Уже на следующий день судмедэксперт попотчевал нас рассказом о том, как он черта видел:

– Наша трехэтажка на самой окраине поселка стояла, дальше – заболоченные пустыри, кое-где свалка. Там теперь улицу насыпали, домов настроили. В общем, понадобилось мне какой-то мусор крупный вынести, рухлядь какую-то. Еще школьником был. В девятом классе, наверно, учился... Была у меня дворняга, щенком подобрал, в хорошую собаку выросла. Идем по тропинке. Она впереди трусит. Вдруг начинает моя собака лаять и в сторону болота коситься, а шерсть у нее на спине дыбится. Я поначалу и внимания не обратил, топаю с грузом. А она всё пуще лает. Глянул, и душа в пятки ушла. Параллельно нам по болоту черт бежит. Лохматый такой, безобразный, как в книжках описывают – с хвостом, с копытами. Только не черный и не зеленый, а огненный... Всё бросил я и домой чуть не напролом понесся...

Вспомнился тогда и мне самому рассказ знакомого, которому тоже чертячью нечисть довелось видеть. Розового цвета. Жирная такая туша, лохматая. На плюшевую игрушку похож, только очень противный. Рожа глупо-безобразная... А еще вспомнилась фотография из журнала «Русский дом». Обыкновенные люди снимали крещение младенца, только когда снимки напечатали, заметили на одной фотографии красно-золотистое пятнышко. При увеличении снимка стал ясно различим ангел, сотканный из золотисто-алого света. Пожалуй, нет точных слов, чтобы описать его.

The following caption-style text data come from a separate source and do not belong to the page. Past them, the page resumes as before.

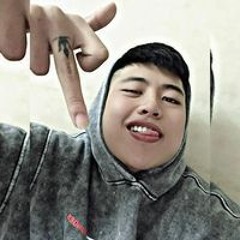 Huy Phạm Gia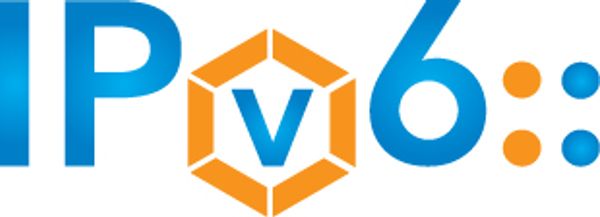 IPv6 In Action Project | 啟動IPv6計劃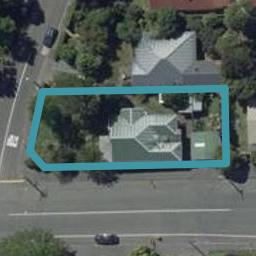 29 Malcolm Avenue, Beckenham, Christchurch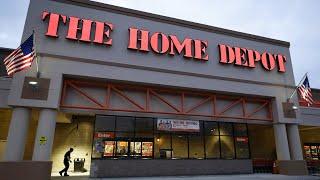 AMAZING Tool Deals This Week At Home Depot!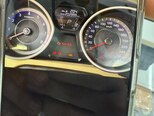 Hyundai Elantra-16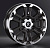 /upload/import_images/wheel/Replay MI168-BKF.jpg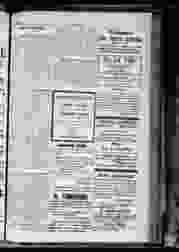 0_6
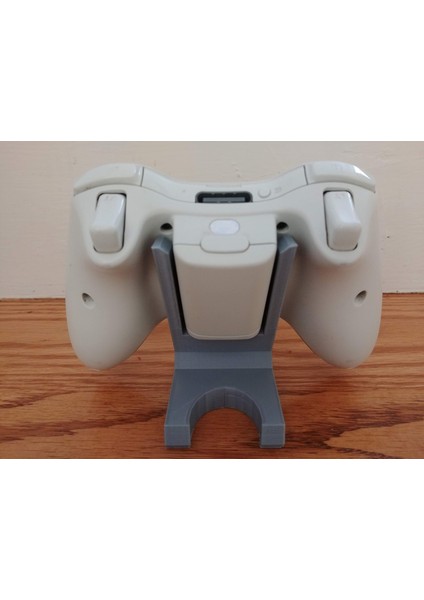 Yeni Logolu Xbox 360 Kumanda Standı T3470705 fiyatları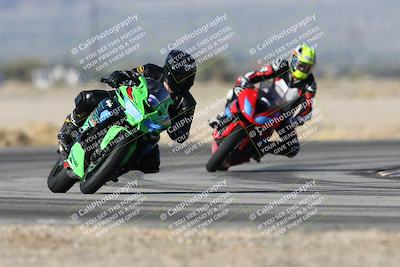 media/Nov-29-2025-TrackXperience (Sat) [[2953a387f4]]/2-Level 2/Session 2 Turn 4/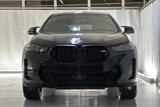 New 2026 BMW X6 M60i image 5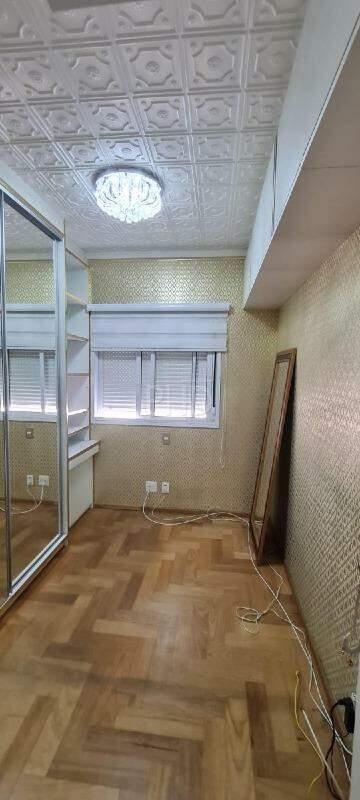 Apartamento à venda com 3 quartos, 94m² - Foto 14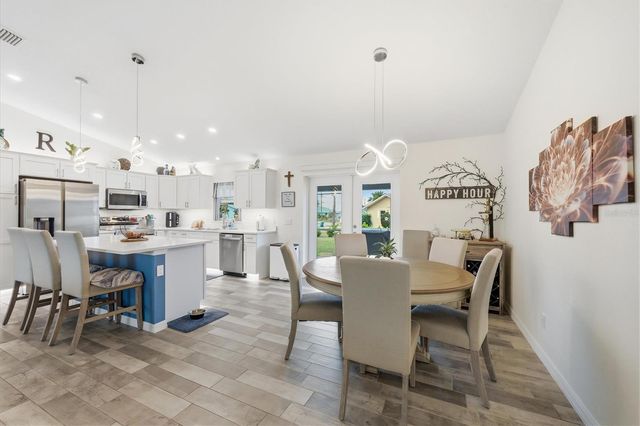 10300 SANDRIFT AVENUE, Englewood, FL 34224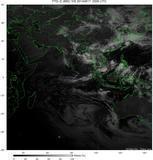 FY2D-086E-201406170330UTC-VIS.jpg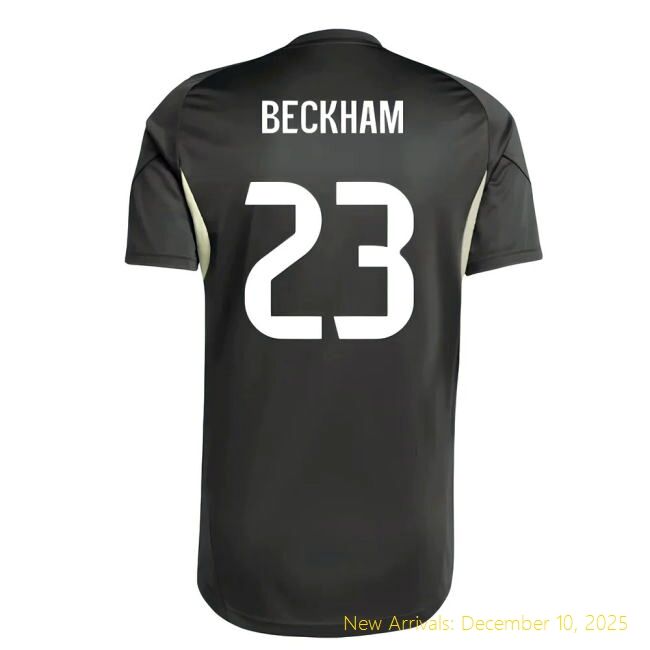 2025-2026 RM Real Madrid Training High-Quality Jersey (Utility Gr 51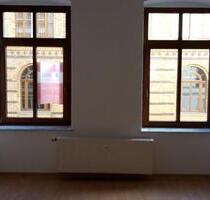 2-Zimmerwohnung Top Lage in HalleSaale - Halle (Saale)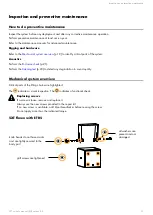 Preview for 19 page of L-Acoustics 5XT series Owner'S Manual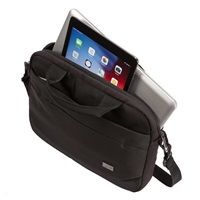 Taška Case Logic Advantage ADVA111pre notebook 11,6", čierna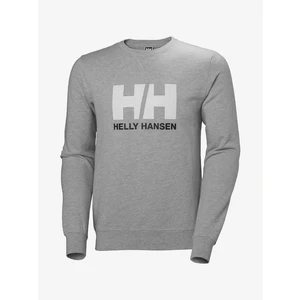 Bluza Helly Hansen Logo Crew 34000 950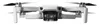 DJI Mini 4K 4 rotory Kvadrokoptéra 12 MP 3840 x 2160 pixelů Náhled obrázku produktu 3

Конечно, этими случаями не исчерпываются известные мне лично моменты встреч с потусторонними силами. А если вам не доводилось сталкиваться с чем-либо подобным, то этому тоже есть своё объяснение.

Как-то беседовали мы с замечательным русским писателем Леонидом Б. и он вспомнил забавный эпизод из своей жизни. Сидел он по случаю за бутылочкой в компании суровых работяг-железнодорожников. И рассказывали они о разных ведьмаках, чертях, привидениях и прочих потусторонних персонажах и штуках. Кому с чем и в каких обстоятельствах пришлось столкнуться. Возьми наш писатель и спроси: почему им эти потусторонние силы являются, а ему – нет. Один из мужиков, не долго думая, ответил: «А чего тебе являться, ты и так ихий». К счастью, этот писатель не «ихий». Просто, видимо, у каждого в жизни свои знаки.

Многие могли бы, наверно, дополнить книгу митрополита Вениамина примерами из своей жизни и известными им чудесами. Кто со светлыми силами встречался, кто с темными сталкивался. Но беда людей нашего времени в том, что даже очевидные примеры проявления потусторонних сил они склонны не принимать всерьез. Почему? Потому, вероятно, что, не замечая и не воспринимая всерьез потустороннего мира, куда удобней жить. Можно устроиться и уютно, и рационально. Во грехе.